Bay St. Louis attorney Jimmy McGuire appeared in Circuit Court Monday to represent the 65-year-old Burks, who is charged with killing Gary Clifford Joiner, 42, in July 2007. The death occurred during a disagreement near Burks’ home on Nassau Street in Bay St. Louis.
Judge Larry Bourgeois set an Oct. 4 trial date for Burks, whose trial has already been continued numerous times. He had most recently been scheduled for trial this week.
But after leaving court Monday, McGuire said his first piece of business will be filing a motion to get audio conditions improved in the courtroom itself. After being heavily damaged in Hurricane Katrina, the courthouse on Main Street was renovated and a new wing was added.
The courthouse reopened last August, but lawyers have since complained about noise conditions in the high-ceilinged, 1911-era courtroom. Conversations are badly distorted by poor audio. Sound bounces wildly around the courtroom, and footsteps on the original wooden floors can sound like gunshots.
Among other motions he intends to introduce in the Burks case, McGuire said, “I’m going to file a motion for the county to make that courtroom acoustically correct.”
Hancock County supervisors have known of the noise problem for months, and were given a price to remedy the problem, but that has never occurred. County Attorney Ronnie Artigues said Monday that he has recently had discussions with another audio expert on the matter.

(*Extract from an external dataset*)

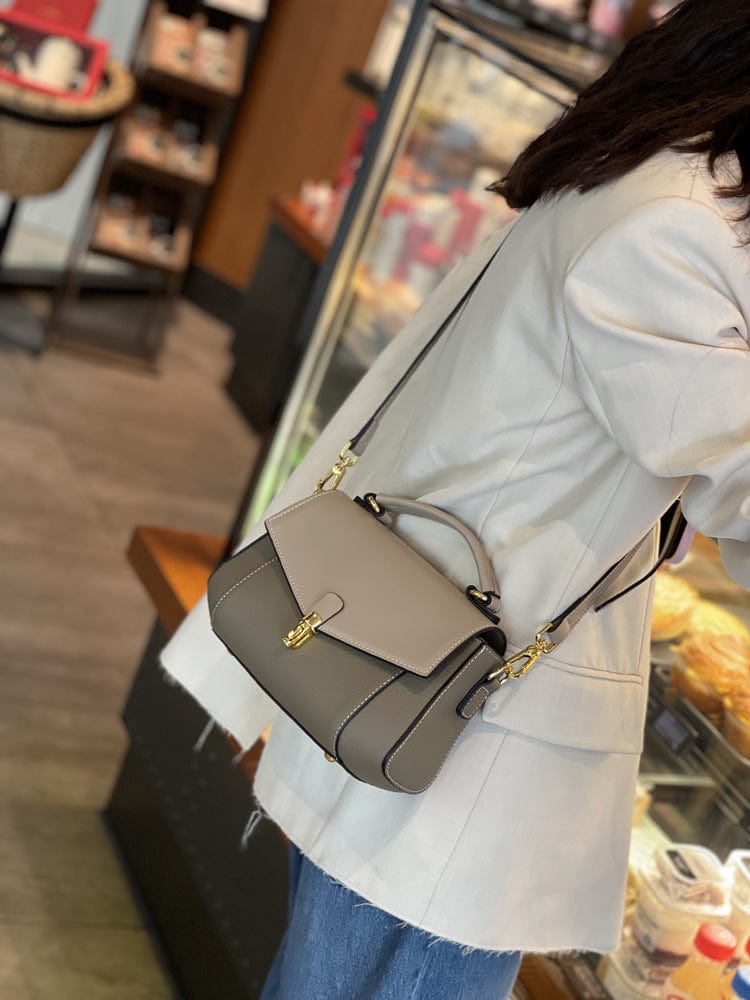 Bag Girl 2022 Spring Summer New Tide Ferry Crossbody Shoulder Pack Women's Fashion Terminal Cowp Skin Bag Bags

Although attorneys have been complaining privately about the acoustics problem, McGuire may be the first to officially raise it through legal channels.
“I want the jury to hear every word” in the Burks trial, he said. “I’m the kind of guy who doesn’t mind rocking the boat. I’m going to rock it.”

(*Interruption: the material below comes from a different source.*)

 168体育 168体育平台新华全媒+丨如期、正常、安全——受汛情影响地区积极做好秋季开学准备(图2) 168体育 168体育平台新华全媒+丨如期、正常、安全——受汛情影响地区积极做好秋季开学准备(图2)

Burks, a former bail bondsman, is charged with killing Joiner with a shotgun. Burks is also charged with embezzlement in a separate proceeding, and is represented by McGuire in both cases.
McGuire said he feels confident about the murder case. The night of the killing, he said, Burks had confronted Joiner after the victim stole items from the defendant’s trailer. Joiner was armed and hostile and under the influence of drugs at the time and the shotgun discharged as the two men argued, McGuire said.
“I think this is a great case,” McGuire added.
Burks’ former attorney, Albert Necaise, recently gained permission to be removed from the case because he said Burks had never paid him, and was uncooperative in preparing for his own trial.